What are some of them doing?
I see several storage-heavy vendors getting deeper beyond just the networking infrastructure. The most obvious one is NVIDIA’s GPUDirect Storage, loosely named Magnum. I have written a little bit about Magnum before back in 2021, and given my shallow knowledge, it was an early indicator of how to use NVIDIA software to control data movement and data placement in order to achieve a higher magnitude of performance.
Techniques like data movement and data placement are not new. They have been used in Supercomputing for decades, and also in enterprise storage as well. The NetApp PAM (Performance Accelerator Module) card was one I was familiar with, and then, earlier still, Fusion-io Flash Memory module that were using intelligent data caching innovation (a form of controlling the most frequently and most recently accessed data are placed). The ZFS filesystem, uses fast storage medium to enhance its ARC (Adaptive Replacement Cache) to improve read data serving response times as well.
Another technique is to place the data (especially read data) closer to the compute. This is very much client-side data placement as I have seen in several storage vendors. When I joined DDN, I was asked to understand the Lustre Persistent Client Cache deeply, which found its way into Sunway Taihulight supercomputer (once the fastest in the world between 2016 and 2018). Recently, Hammerspace introduce Tier-0, that turns the local NVMe drives into an ultra-high performance data tier with ultra-low latency.
Weka recently introduced Neural Mesh. One of the features is the ability to control and address files with small block sizes, usually the metadata types used in AI data. This is a data placement technique (I don’t have the deep technical details yet), where small block files are optimized with greater efficiency and support.
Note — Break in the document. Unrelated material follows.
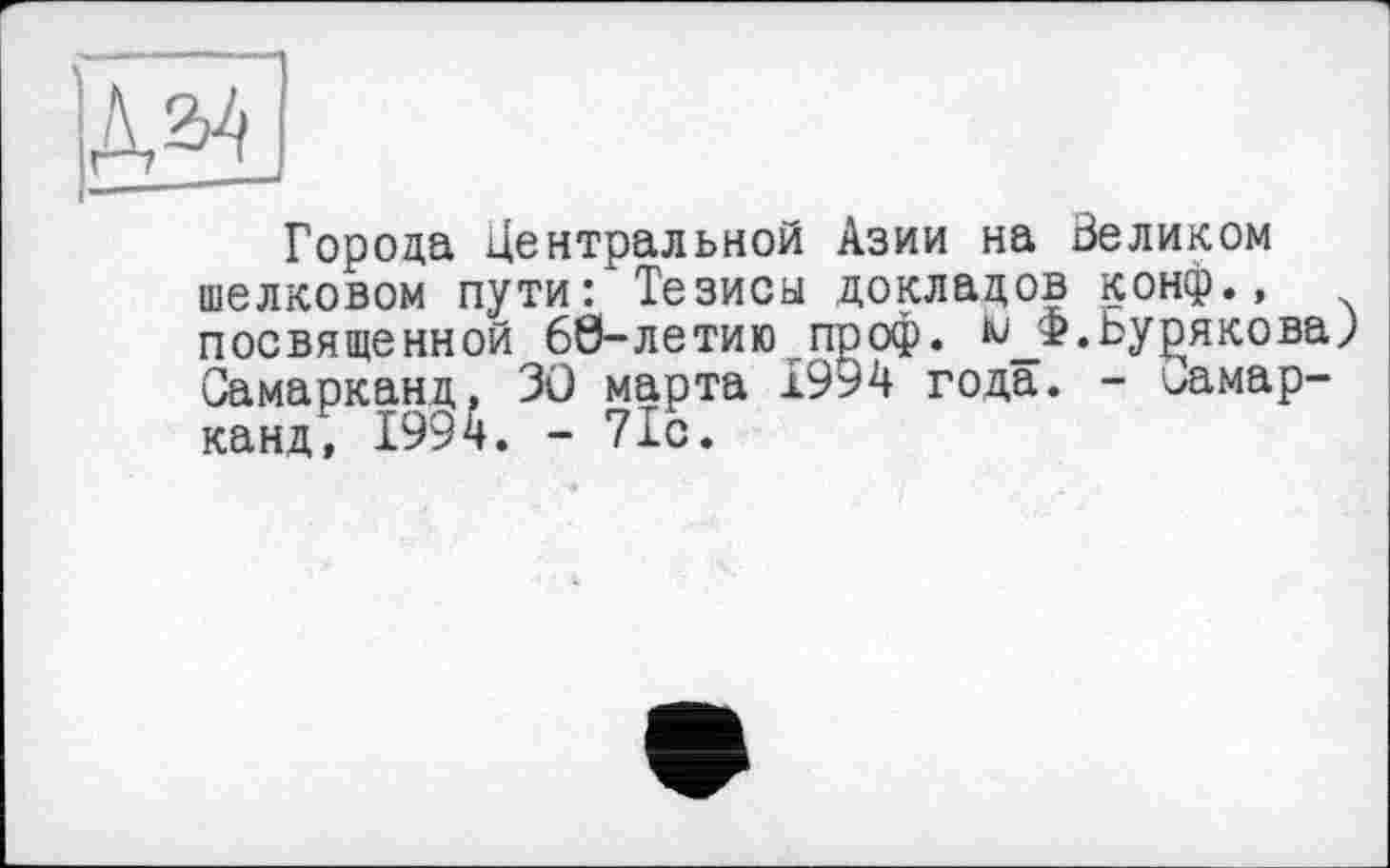 ﻿Города Центральной Азии на Зеликом шелковом пути: Тезисы докладов конф., посвященной 60-летию проф.	Бурякова;
Самарканд, 3Û марта 1994 года. - ^амар-канд, 1994. - 71с.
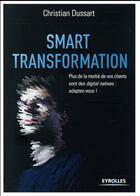 Couverture du livre « Smart transformation ; plus de la moitié de vos clients sont des digital natives : adaptez-vous ! » de Christian Dussart aux éditions Eyrolles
Incidently, Weka has also introduced their Augmented Memory Grid, an integration with distributed inference engine such as NVIDIA Dynamo to provide a larger key-value pair memory footprint supporting large context-aware processing.
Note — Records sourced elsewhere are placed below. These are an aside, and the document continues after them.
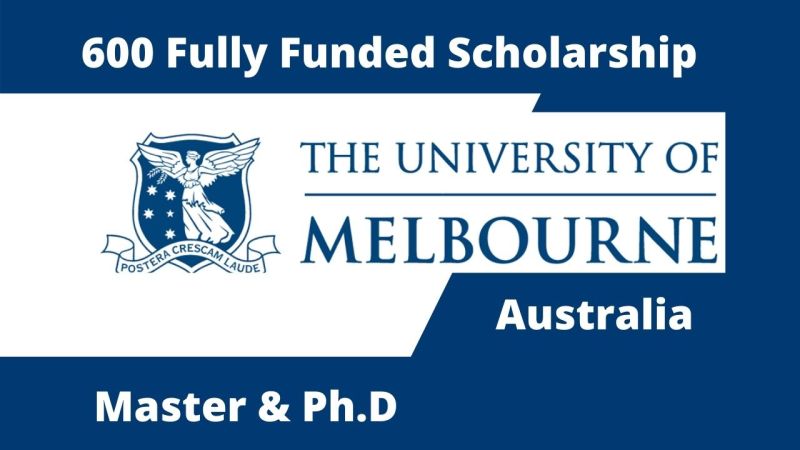 Fully Funded University of Melbourne Scholarships 2025 in Australia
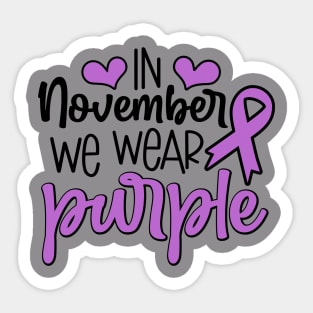 In November We Wear Purple Sticker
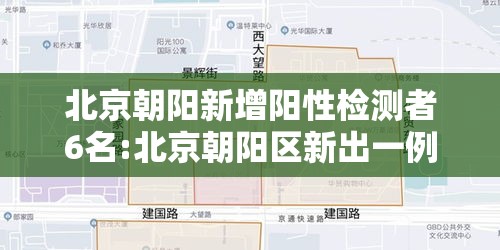 北京朝阳新增阳性检测者6名:北京朝阳区新出一例 北京朝阳新增阳性检测者6名:北京朝阳区新出一例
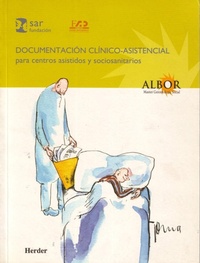 Abbildung von: Documentación clínico-asistencial para centros asistidos y sociosanitarios - Herder Editorial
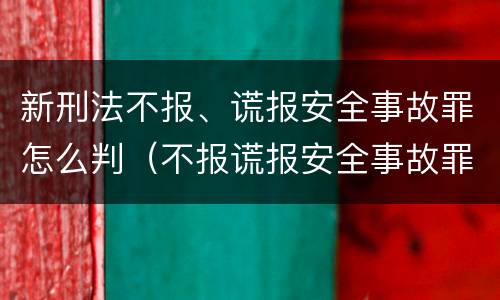新刑法不报、谎报安全事故罪怎么判（不报谎报安全事故罪量刑）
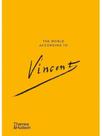 The world according to vincent van gogh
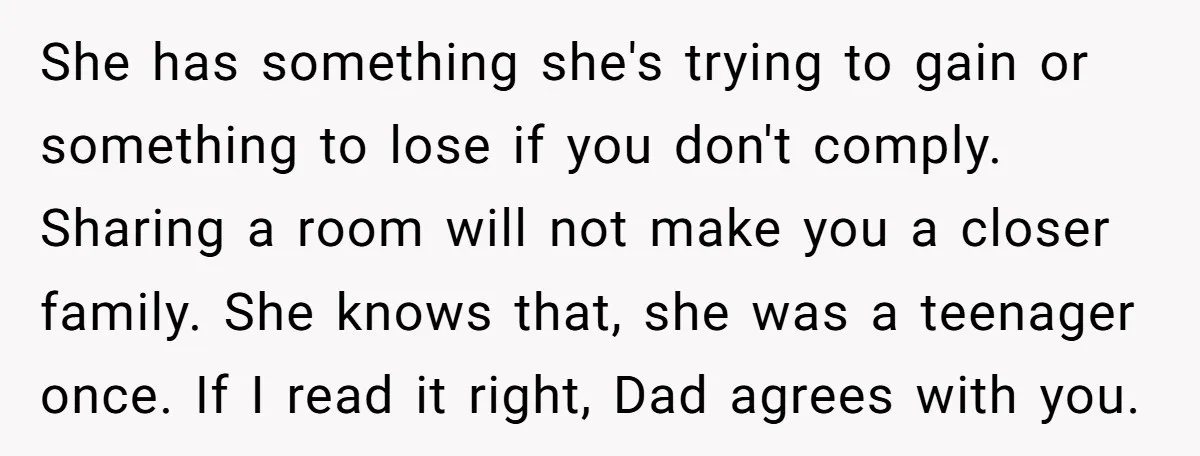 She has something she's trying to gain or something to lose if you don't comply. Sharing a room will not make you a closer family. She knows that, she was...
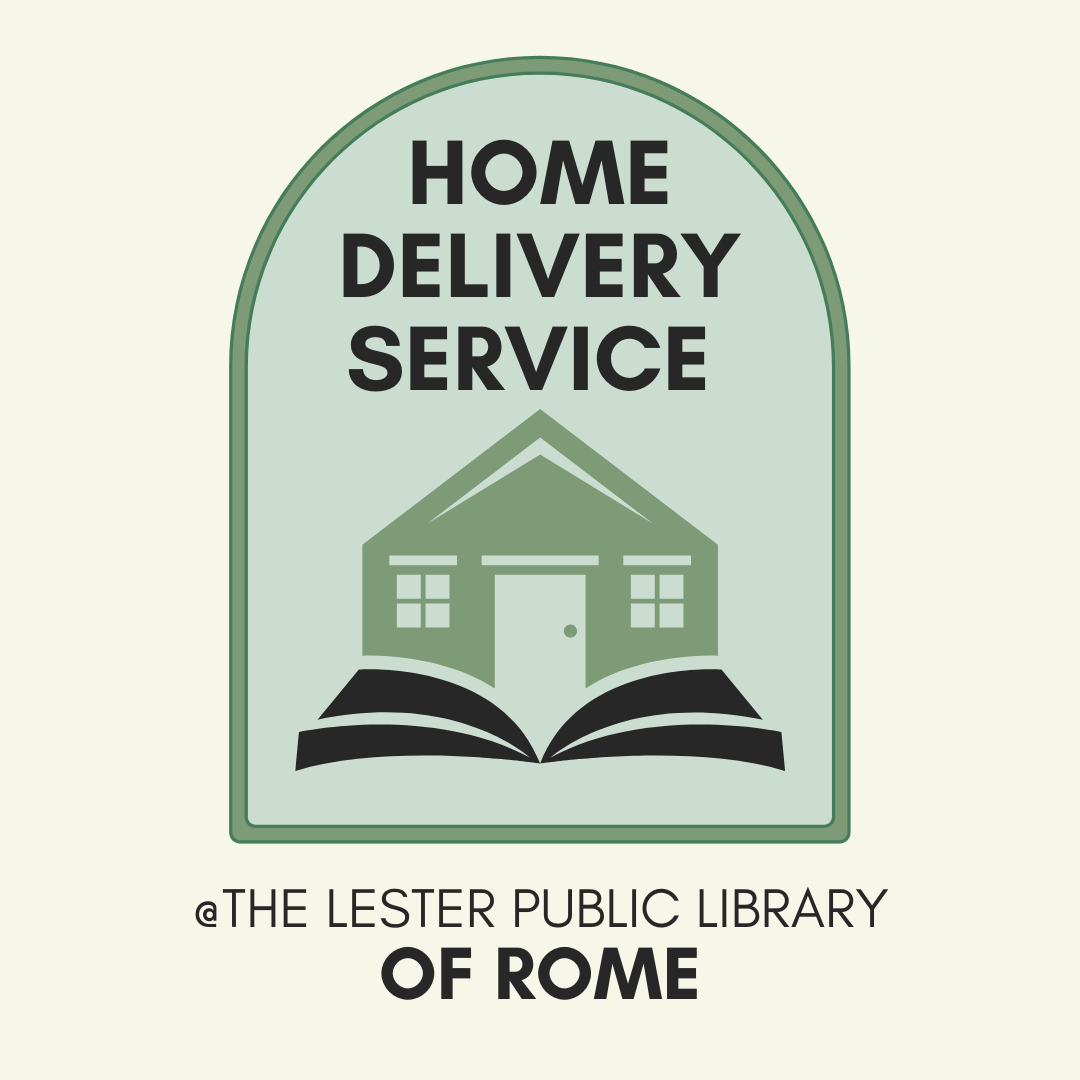 Image of house with book, text reads: Home Delivery Service @ the Lester Public Library of Rome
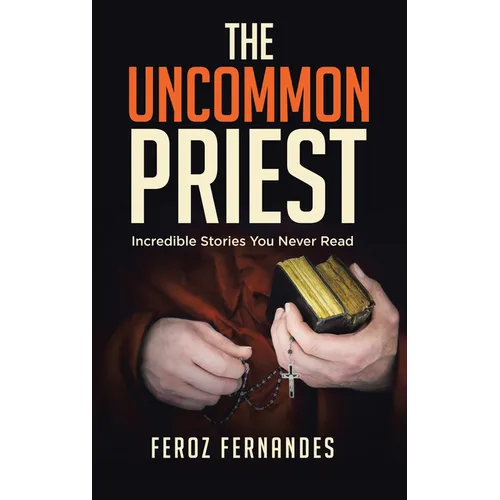 The Uncommon Priest: Incredible Stories You Never Read - Paperback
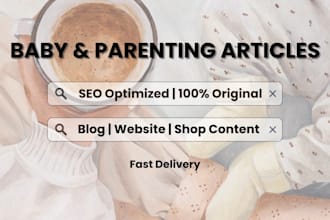 write SEO friendly baby care and parenting articles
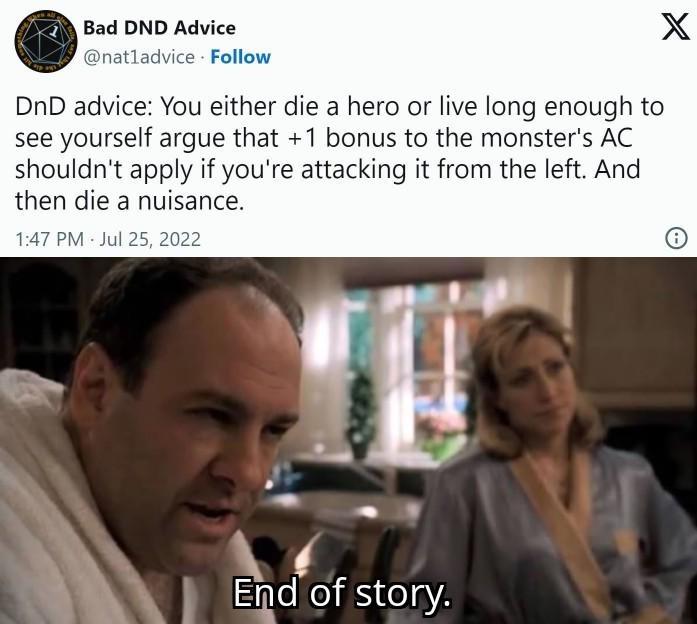 Bad DND Advice @natladvice Follow DnD advice: You either die a hero or live long enough to see yourself argue that +1 bonus to the monster's AC shouldn't apply if you're attacking it from the left. And then die a nuisance. 1:47 PM Jul 25, 2022 End of story. X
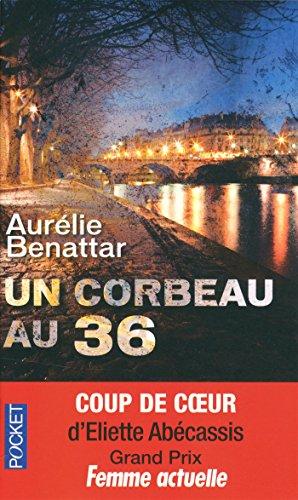 Un corbeau au 36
Others like Vast Data are integrating part of the AI and Machine Learning (ML) Data Pipeline into their Data Platform, again to enhance its prowess with accelerating data and controlling how the data movements and placements work within their technology.
The use of BlueField-3 DPUs (data processing units) in vendors’ platforms like DDN Infinia, Weka on BlueField-3, Vast Data on BlueField-3 are just not to curry flavour with NVIDIA. DPUs are surely taking over some of the repetitive and resource intensive tasks of the CPUs, but it is also changing the paradigm of how data is processed. The BlueField-3 DPUs are making data more secure, more performant and tighter integration with the NVIDIA ecosystem. This, again, is a data movement and data placement technique in play, all to hit the lowest storage latency possible.
Where is the Infrastructure Pendulum now?
I have been in the infrastructure industry long enough that performance does not forever get stuck. The need to get the data, to move the data, to process the data and more swings like a pendulum among the 3 pieces of infrastructure – Compute, Network, Storage. At this point, as the voluminous footprint of data is growing exponentially, I would say Storage, or in AI-speak, Data Infrastructure is facing the greatest challenge. That is why innovative techniques of the ones I have mentioned, and more that I have not covered are about collapsing the gap of data movement and data placement to the right compute processing, up-the-stack, to the edge-core-cloud and back.
Data is heavy. I describe them as the elephant of the 3 infrastructure layers, while in the compute infrastructure, data is fleeting as birds. The networking infrastructure layer in between has gotten better, but storage professionals like myself understand data. It will be forever growing and forever demanding more. The GPUs have jumped ahead, and so has the networking pipes. Storage infrastructure is getting better as well, but it will be the intelligent data movement and data placement technologies that will separate the data storage heroes from the wanna-bes.